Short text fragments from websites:
====
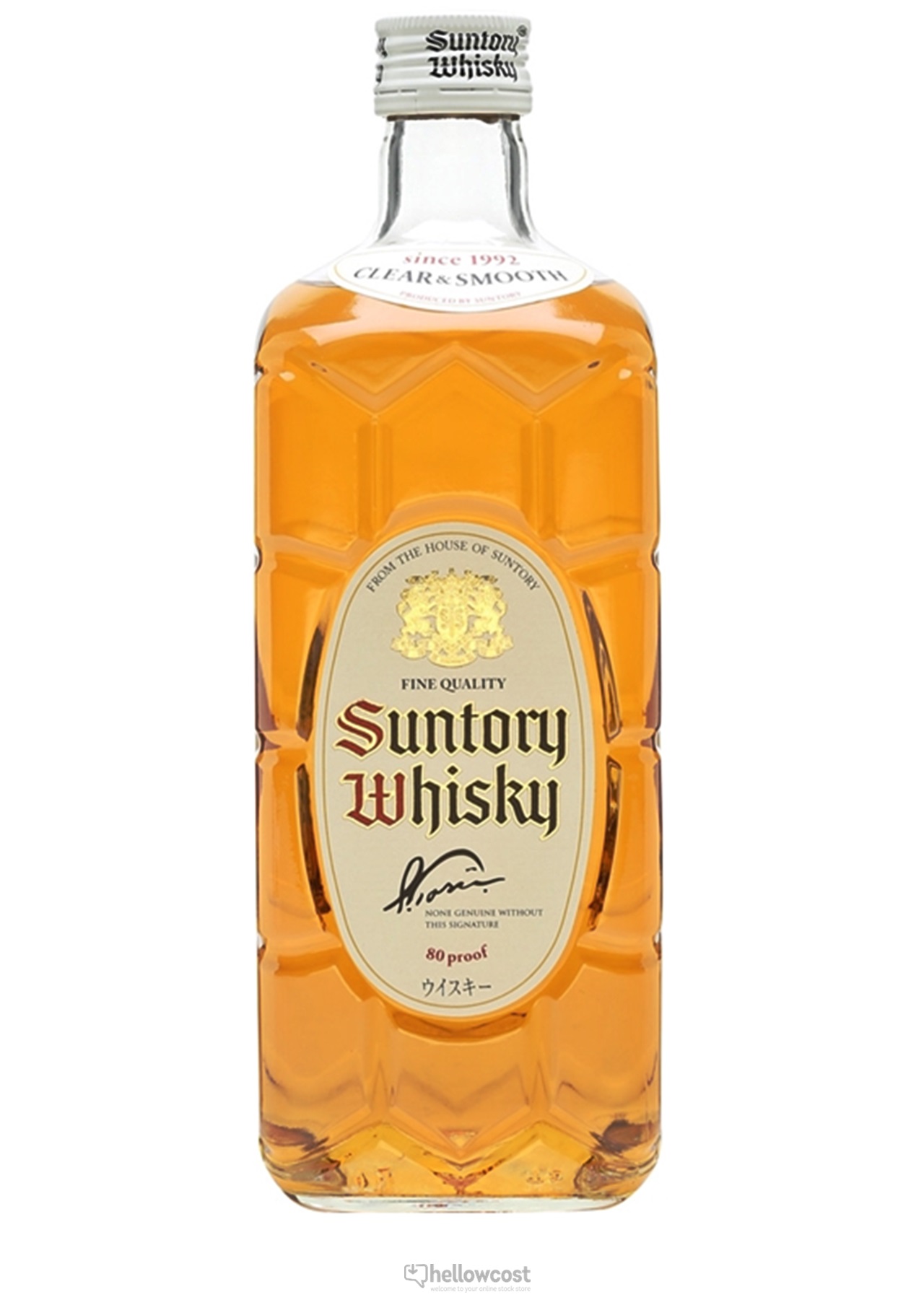 ウイスキー Suntory Whisky 700ml 40% CLEAR & SMOOTH Suntory White Label Clears & Smooth Whisky 40% 70 cl - Hellowcost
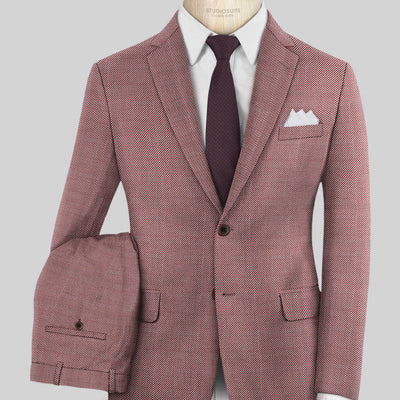 Italian Wool Qerion Suit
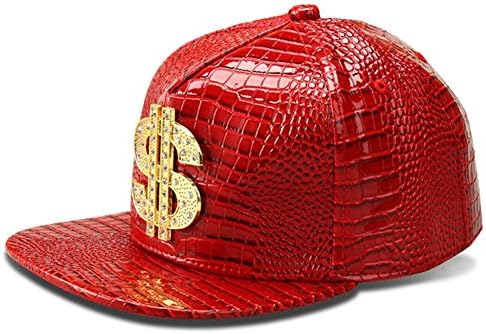 FuZhıBang NYU14 Yeni Timsah Beyzbol kapaklar Alaşım Dolar Düz Kenarlı şapka Hip-Hop şapka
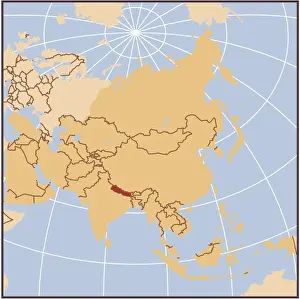 Myanmar (Burma) reference map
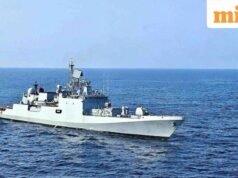 INS Trikand của Hải quân Ấn Độ ngăn chặn âm mưu cướp biển ở Vịnh Aden, bảo vệ tàu buôn chở hàng hóa đến Ấn Độ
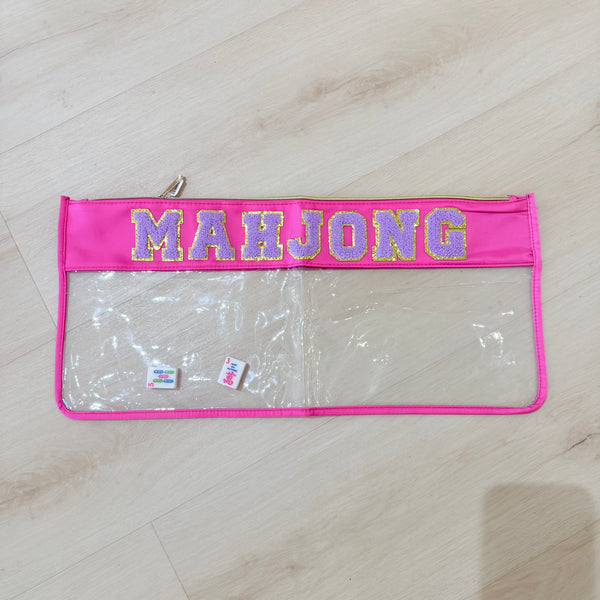 Mahjong Tile Keeper Bag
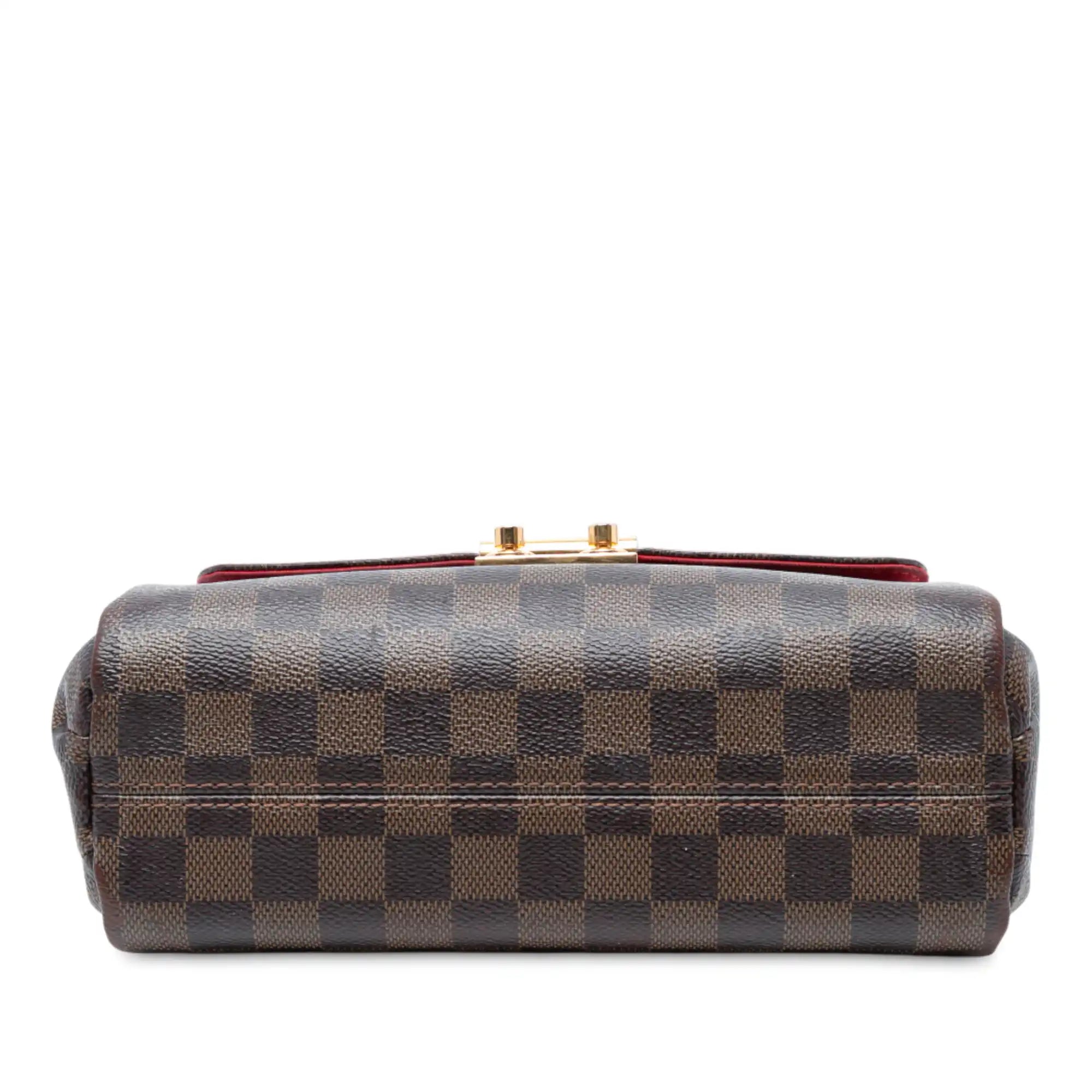 Louis Vuitton Croisette Damier Ebene Canvas
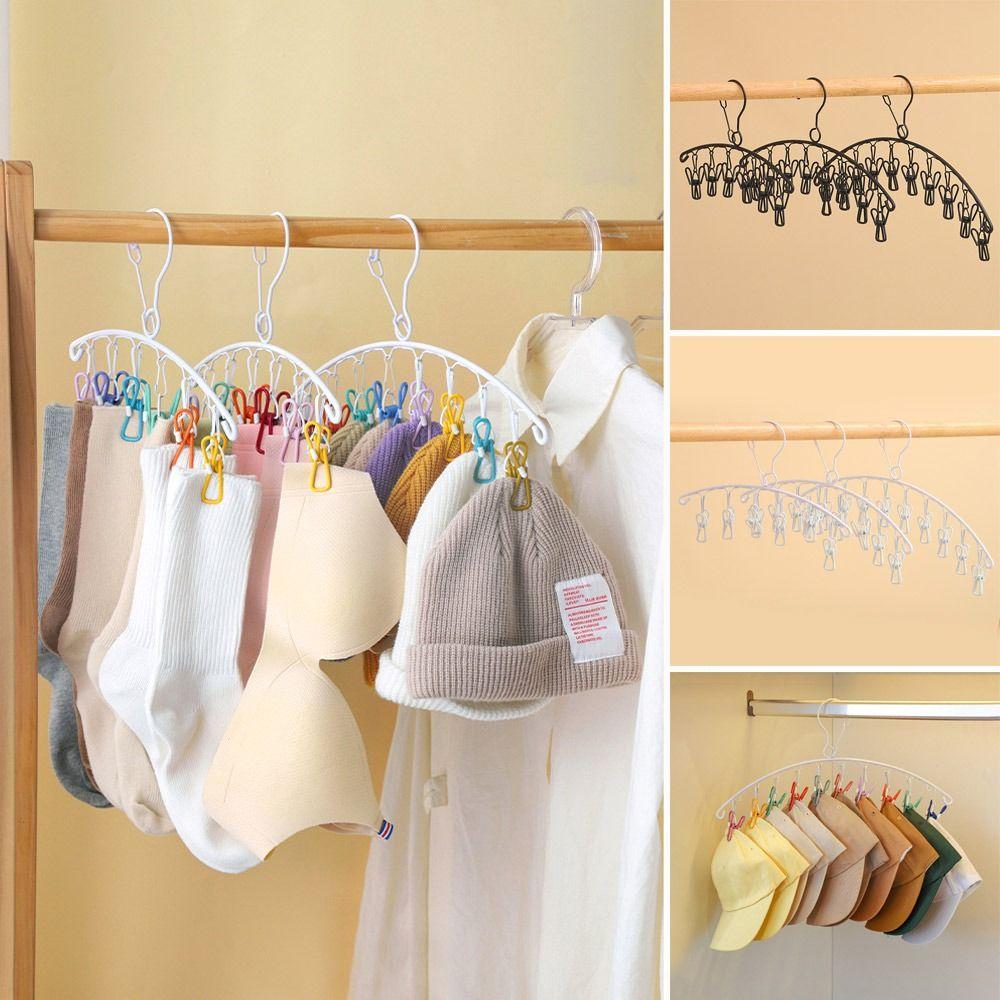 

Dormitory Wardrobe Hat Arrangement Hat Clip Hats Racks Artifact Hooks Neat Storage Storage Rack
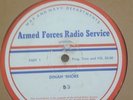 Armed Forces Radio Service Transcription Record 16
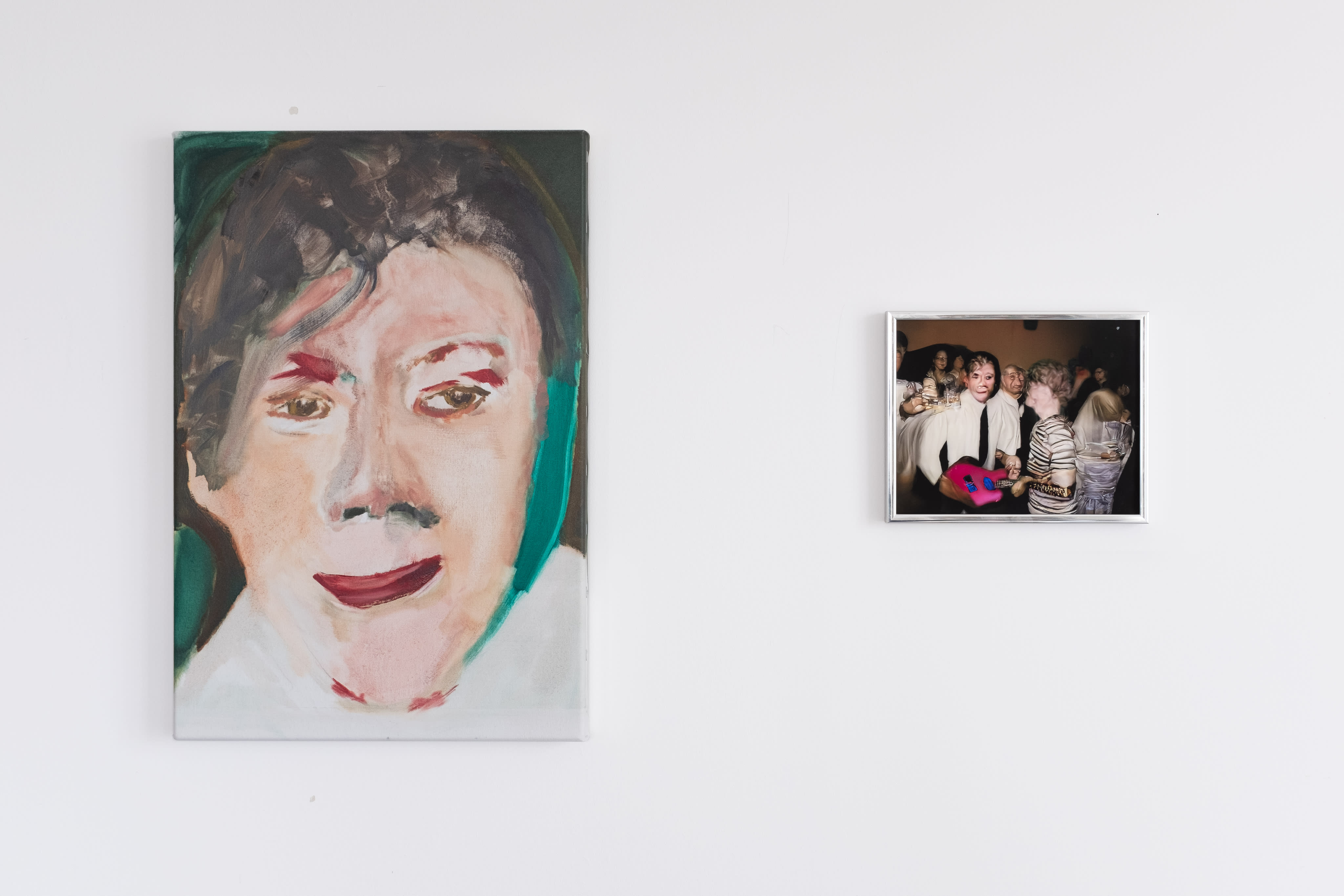 Installation view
====
= What you have to do =
What you set down should be exactly the lines from the line containing "Dormitory Wardrobe Hat" to the last line of the entries above, both included, with no pictures.

= Completed exercise =
Dormitory Wardrobe Hat Arrangement Hat Clip Hats Racks Artifact Hooks Neat Storage Storage Rack
 Armed Forces Radio Service Transcription Record 16
 Installation view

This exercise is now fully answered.